So I guess I'll start at the beginning. So we're moving and I just managed to finish my new goat pens at the new(but old) house. We lived here for 3 years but moved out a year ago to get closer to town and dbf's work. My mom owns the house & 3 acres so we just moved back there. So the pens are 4ft tall field fence with t-posts every 6-7 feet.  We haven't got our shelter in there yet but we had the "goat tote" with a new tarp on the top. 

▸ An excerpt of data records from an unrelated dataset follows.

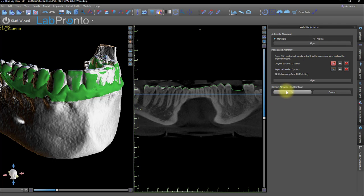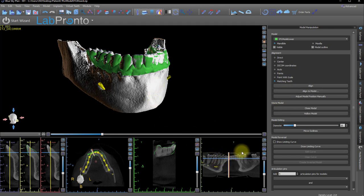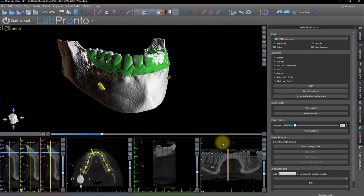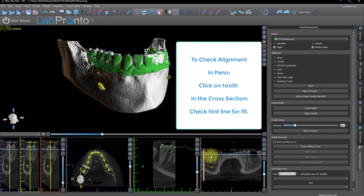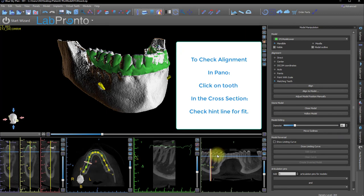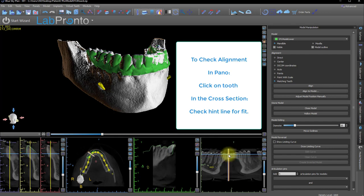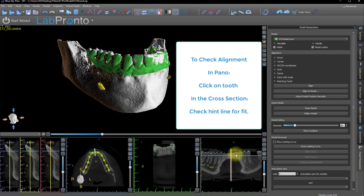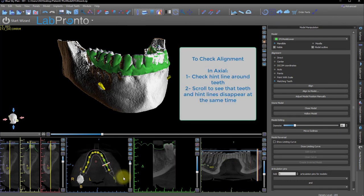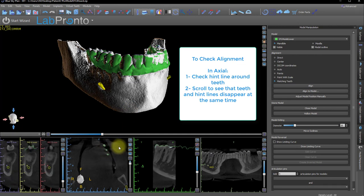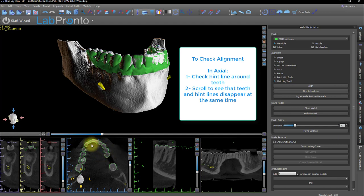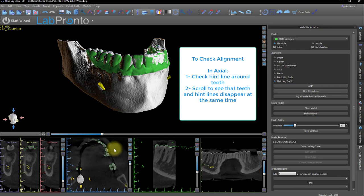Clicking OK will bring us to the other view, and we'll be able to right-drag and push forward to zoom in on the pano. Clicking the pano on each of the teeth and looking at the cross-section hint lines for the model, watching the contour to show that the model and the outline of the teeth are as one. In the axial view, I'll shut off the projections and scroll through the crowns to make sure there's a snug hint line of the model around the teeth, as well as both disappearing at the same time.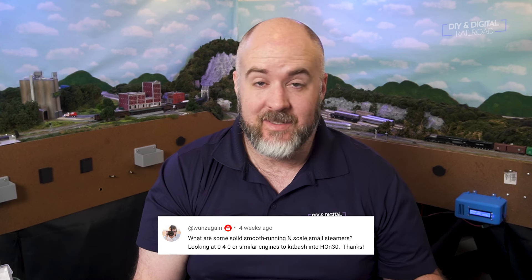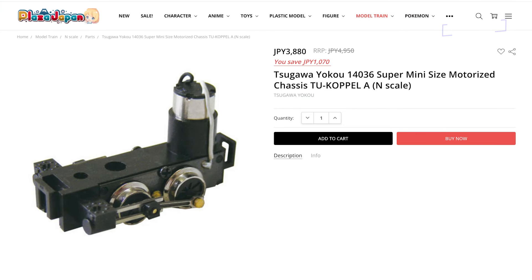Wounds again asks: are there any small, solid, smooth-running N-scale small steamers? They're looking at something like an 0-4-0 or similar engines to kitbash into an HON30. I would look at something called motor bogeys — basically little motorized trucks. Tenchoto is a big brand with those. I did see an 0-4-0 chassis with a motor that you could basically 3D print or kitbash onto. They have HO and N-scale versions, so keep looking for that 0-4-0 chassis.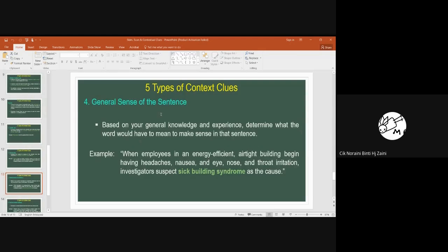You can also use the general sense of the sentence to find clues for unfamiliar words. This technique is based on your general knowledge or experience — in other words, your schemata. Determine what the word would have to mean in order for it to make sense in that sentence.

So we just moved the goats up here last saturday and they were mainly staying in the upper pen but we got them finished so we moved them down and got the rest of the chickens here. We put 1 coop and one of my flocks down in the lower pen. So wednesday night I had the bottle kids up top and the 2 does and my wether in the lower pen. The lower pen is probably 100 yards away from the house but its in a tree clearing and you have to go down the driveway first and then go right, you cant walk straight to the pen cause the forest is so overgrown. 

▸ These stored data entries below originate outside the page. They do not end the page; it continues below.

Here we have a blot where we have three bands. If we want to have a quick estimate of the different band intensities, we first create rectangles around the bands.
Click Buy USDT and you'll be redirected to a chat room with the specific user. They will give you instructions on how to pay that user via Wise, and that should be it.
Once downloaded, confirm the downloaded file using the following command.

So I woke up thursday morning to cats all in my bed.. like 4 in bed and one scurrying in the boxspring. A minute or so later dbf turns on the hall light and says "Knuckle Heads gonna need some attention." WHAT??? Well I hadn't heard the gunshot to start.. So dbf says there was a dog in the pen and he shot it and Knuckle Head was bleeding. Aww Crap. So I threw my clothes on and RAN down there. got there and had Dbf run the girls up to the upper pen cause everyone was so paniced. I saw that Knuckle Head was bleeding from his armpit pretty bad and had punctured and lacerations all on his rump and he was chesty and had blood coming from his nose. He needed to go to the vet and asap. He also needed to get up to the house where it was safe and the cars were so I grabbed him and started trucking up the driveway. He's a BIG boy too. Only a year and he's about 100 lbs and 32 inches at the withers. Didn't matter, we needed to get to the house NOW!  I made it almost all the way before dbf came to help because he couldn't round up the girls. So I got the girls in while he loaded knuckle head in the car. 

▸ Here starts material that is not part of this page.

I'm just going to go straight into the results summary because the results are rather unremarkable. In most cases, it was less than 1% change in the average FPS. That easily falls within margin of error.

I didnt know who see's goats around here on an emergency base so I called the cat/dog emergency and they gave me a number for a vet in Chico, an hour away. I called and got their emergency line and they said just head in because they opened in an hour and it was an hour drive. So I finally get there and "oh that was our emergency line, its just someone sitting at a desk somewhere." The Vet was headed out to euthanize a downed horse and they couldn't even look at him to make sure he was stable.   They told me about a couple other vets that might be able to see him and were now open because it was after 8am.. Got ahold of one about 25 mins back the other direction and they said come in now. Phew! I finally got him there and the tech said the dr wasn't in yet but they planned on pitting an IV catheter in, giving him pain meds and antibiotics, stabilizing him, and then gasing him down to suture up some of the big wounds. 

So I left them with a deposit. They ended up getting him stable thursday and kept him overnight and did the procedure friday. They left a lot of the punctures open to drain, put one penrose drain in, and sutured up the big stuff. 



So I found out later when I got home from dropping him off at the vet Dbf had to shoot the dog off of him. With my 12 guage! dropped the dog in one shot though.  I looked around the pen and they had ripped the tarp of the goat tote trying to get at the goats. Eventually the 1 dug in and the other one ran off when dbf shot his buddy. 

Animal control came up and took some pics and picked up the dogs body. We dont know who the owners are but I'm going to try and find them. I'm thinking about putting a flyer with a pic of the dog down at the post office and store. Put something like "Is this your dog or do you know its owners? Call animal control case number:#####.  The vet bill came out to $439 and that was with me telling them I didn't want him to stay through the weekend. Plus they owe me a new tarp and gas money for the extra trips to town and the vet. 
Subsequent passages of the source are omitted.